With the realization that many marriages are increasingly more intercultural than monocultural, we have decided to introduce this new section called In Cultural Matters. This section will deal with issues that couples in intercultural relationships likely face or might face in marriage. Your discussion and feedback will be greatly appreciated :).
Source: indiansimmer.com via Marisa on Pinterest
In many relationships, food is very special. Many amazing things happen over a delicious meal: those getting-to-know-you dinner dates; those adventurous international meals; that riveting conversation; that discovery that presenting him/her with a favorite meal is akin to a truce, or better yet, a bribe. Food is central to our existence.

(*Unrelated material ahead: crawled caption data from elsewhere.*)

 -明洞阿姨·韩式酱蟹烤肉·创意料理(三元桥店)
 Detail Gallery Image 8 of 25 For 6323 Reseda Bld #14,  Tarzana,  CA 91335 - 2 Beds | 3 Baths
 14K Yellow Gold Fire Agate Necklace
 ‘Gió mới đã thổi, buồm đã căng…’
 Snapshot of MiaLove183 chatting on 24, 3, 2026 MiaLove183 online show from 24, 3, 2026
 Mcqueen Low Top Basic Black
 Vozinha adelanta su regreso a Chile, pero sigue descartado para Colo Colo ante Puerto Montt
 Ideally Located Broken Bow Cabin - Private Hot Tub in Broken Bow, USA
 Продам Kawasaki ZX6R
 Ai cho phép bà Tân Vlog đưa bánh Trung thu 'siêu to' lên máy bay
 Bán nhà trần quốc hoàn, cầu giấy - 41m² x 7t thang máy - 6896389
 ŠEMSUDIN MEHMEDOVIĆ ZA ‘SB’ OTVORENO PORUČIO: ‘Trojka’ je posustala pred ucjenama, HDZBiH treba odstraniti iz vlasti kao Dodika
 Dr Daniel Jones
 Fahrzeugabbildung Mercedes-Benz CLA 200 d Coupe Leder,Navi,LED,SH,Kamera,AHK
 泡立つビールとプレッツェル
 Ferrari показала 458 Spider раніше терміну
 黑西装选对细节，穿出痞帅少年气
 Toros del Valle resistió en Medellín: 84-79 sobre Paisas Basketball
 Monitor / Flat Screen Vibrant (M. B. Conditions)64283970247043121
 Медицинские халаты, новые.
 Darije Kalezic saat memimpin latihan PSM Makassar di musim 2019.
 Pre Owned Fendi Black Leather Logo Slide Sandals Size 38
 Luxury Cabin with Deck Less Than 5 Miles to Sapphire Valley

Now, when food becomes potentially divisive in your relationship, what do you do? I’m not just talking about the “I love Thai food, but he hates it” scenario; that’s relatively easy to deal with: just have him get his own preferred meal, while you get yours. I’m referring to something deeper, something that has to do with cultural identity and pride. Say your beau visits you at home one day and you’re making some extremely delicious egusi soup, just like your Nigerian mother taught you to make. He walks in and, instead of a satisfied smile, screws up his nose instead. “What exactly is that smell?” he asks you. “I can’t stand it!” Oh-oh! The man you can’t wait to marry cannot stand the smell of your Nigerian meal, and you have absolutely no intention of giving up the preparation of your favorite meals.
In a scenario like this, what’s the solution? Do you consider this a deal breaker and decide that giving up your favorite cultural meals is sacrificing too much? Do you decide that you’ll cook those meals only when he isn’t home?
If you’ve dealt with a situation in which your cultural foods, which are foreign to your spouse, were not your spouse’s “cup of tea”, how have you handled it?